# Will a Copadichromis Trewavasae color up in all male tank?



## wharfrat (Sep 9, 2013)

Just curious if a C. Mloto Likoma will color up in an all male Peacock/Hap tank.


----------



## chopsteeks (Jul 23, 2013)

50-50.

I have 2 tanks each has a male Mloto Likoma.

In a tank where tankmates are on the boisterous side (Lemon Jake, Eureka Red Jake,Otter point, Intermedius Lethrinop, etc) the male Mloto got his Sunday best colors.

In a tank where tankmates are mild, easy going males such as Borelyi, a couple of Azureus, Tangerine Tigers.....interestingly enough the Mloto Likoma has her female colors.

I know this probably will not help your decision as I believe the fish's personality is in play here.


----------



## wharfrat (Sep 9, 2013)

well my stocking on my 90 is currently 
by common name

Blue Regal (young adult)
German Red (young adult)
Blue Neon (young adult)
Azureus (maybe 3.5-4in but nice color)
Yelow blaze (small juvie)
Otterpoint (little)
Lwanda (small juvie barely starting to show color)
Blue Orchid (small, will probably swap out eventually d/t not coloring up...I just love him he's really active)
Deep Water Hap (juvie)
Phenochilus "Tanzania" (small juvie will take a while to outgrow tank)
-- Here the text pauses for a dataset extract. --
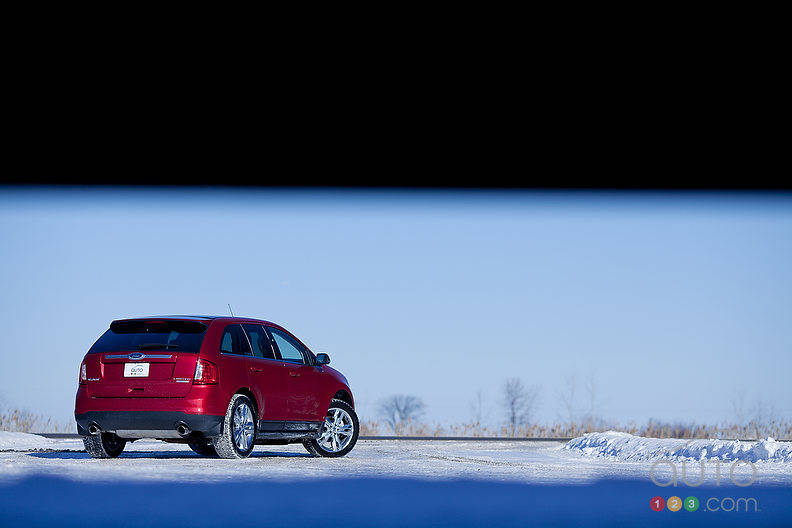 Photo: Sébastien D'Amour/Auto123.TV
Then a school of S. Lucipinnis and a couple of BN plecos's

I would most likely swap it for the Kandeense; however, I was wondering if there would be issues with the O. Lithobates and the Mloto likoma. Although my stocking is full, most of them are very small in exception of the first 4 fish on the list. I have a peaceful vibe atm.


----------



## chopsteeks (Jul 23, 2013)

Lithobates (Z-Rock) and Mloto get along in my tank. Both are real laid back. My German Red is a naughty one but the Firefish and Yellow Regal keep him in line.


----------



## Schticky Schnauzer (Aug 2, 2013)

wharfrat said:


> well my stocking on my 90 is currently
> by common name
> 
> Blue Regal (young adult)
> ...


When I first got my Kandeense, I kept noticing him up in a corner hiding. No interaction with the other fish, and no color at all. To be fair though, I do have a Beautiful Eureka thats a bully. So what I did was put the kandeense in my juvie grow out tank for about 2 weeks, let him be king of that tank for awhile. He colored up decently, learned to not be a wuss as much. Then I put him back in the main tank, he reatained his coloring, and is as social as any of the others.


----------



## chopsteeks (Jul 23, 2013)

Schticky Schnauzer said:


> wharfrat said:
> 
> 
> > well my stocking on my 90 is currently
> ...


Nice !! Taking notes with your imaginative approach !!


----------



## Eugooglizer (Oct 30, 2012)

The answer to your question is yes.


----------



## lilscoots (Mar 13, 2012)

Mine has color but not nearly as colorful as the one in my breeding tank.


----------



## wharfrat (Sep 9, 2013)

Well here is my Mloto Likoma I picked up from the LFS I still have doubts it will color up fully


----------



## lilscoots (Mar 13, 2012)

It should get darker and the blaze will be more pronounced, but I wouldn't expect the jet black and electric blue that you'd get from a male in a breeding group.


----------